Saisi par plusieurs associations et syndicats d’une demande d’annulation de ces deux décrets, le Conseil d'État avait décidé, par une décision du 31 juillet 2009, de surseoir à statuer et d’ordonner que lui soit transmis le décret portant création du fichier, sans que communication en soit donnée aux requérants.
Le Conseil d'État, après examen de ce texte qui lui a été transmis par le Premier ministre, rejette la requête.
Les associations requérantes soutenaient tout d'abord que les décrets attaqués étaient entachés de différentes irrégularités de forme et de procédure. Le Conseil d'État écarte ces critiques. Il valide donc les décrets sur le terrain de leur régularité.
Sur le fond, les requérants critiquaient l’absence de publication du décret portant création du fichier « CRISTINA » au regard, d’une part, des conditions fixées par l’article 26 de la loi du 6 janvier 1978, d’autre part, du principe de sécurité juridique ainsi que de l’article 8 de la convention européenne de sauvegarde des droits de l’homme et des libertés fondamentales (convention EDH) qui protège le droit des individus au respect de leur vie privée et familiale.
Le Conseil d'État, toutefois, rappelle que la faculté de dispenser de publication ce décret est prévue par la loi, qu’elle est entourée de garanties (publication de la décision de dispense de publication, avis de la Commission nationale de l'informatique et des libertés et des formations consultatives du Conseil d'État, droit d’accès et de rectification des personnes physiques s’agissant des données à caractère personnel les concernant qui figurent dans le traitement) et que l’effectivité du recours devant le juge contre un tel décret non publié est assurée par les pouvoirs d’instruction particuliers dont le juge administratif dispose en pareille hypothèse.

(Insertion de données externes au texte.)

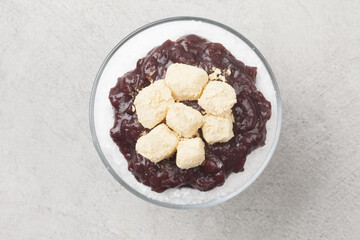  Patbingsu is a food made by crushing ice into small pieces and adding boiled red beans or sugar.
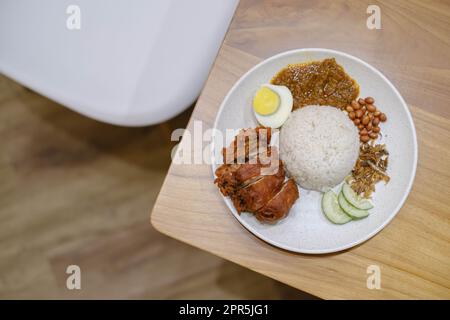 Flach liegend oder Draufsicht eines Tellers Nasi Lemak mit knusprigem Huhn, Ei, Erdnüssen, Lemak-Sauce und Sardellenfisch Stockfoto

Faisant usage de ces pouvoirs en l’espèce, le Conseil d'État, après avoir examiné le décret portant création du fichier « CRISTINA », juge, d’une part, que ce traitement constitue bien un fichier intéressant la sûreté de l’État et que les données qu’il contient sont pertinentes au regard des finalités poursuivies, notamment la lutte contre l’espionnage et le terrorisme. Il en déduit que le Premier ministre pouvait, sans méconnaître l’article 26 de la loi du 6 janvier 1978, faire usage de la dispense de publication prévue par ces dispositions.
Le Conseil d'État juge, d’autre part, que compte tenu de la nature des données enregistrées, qui sont adéquates et proportionnées aux finalités du traitement, des conditions de leur collecte et des restrictions d’accès organisées pour en assurer la sécurité, le fichier « CRISTINA » respecte les exigences de l’article 6 de la loi du 6 janvier 1978, qui fixe les conditions générales dans lesquelles des données à caractère personnel peuvent faire l’objet d’un traitement automatisé, et ne méconnaît ni l’article 8 de la convention EDH, ni le principe de sécurité juridique.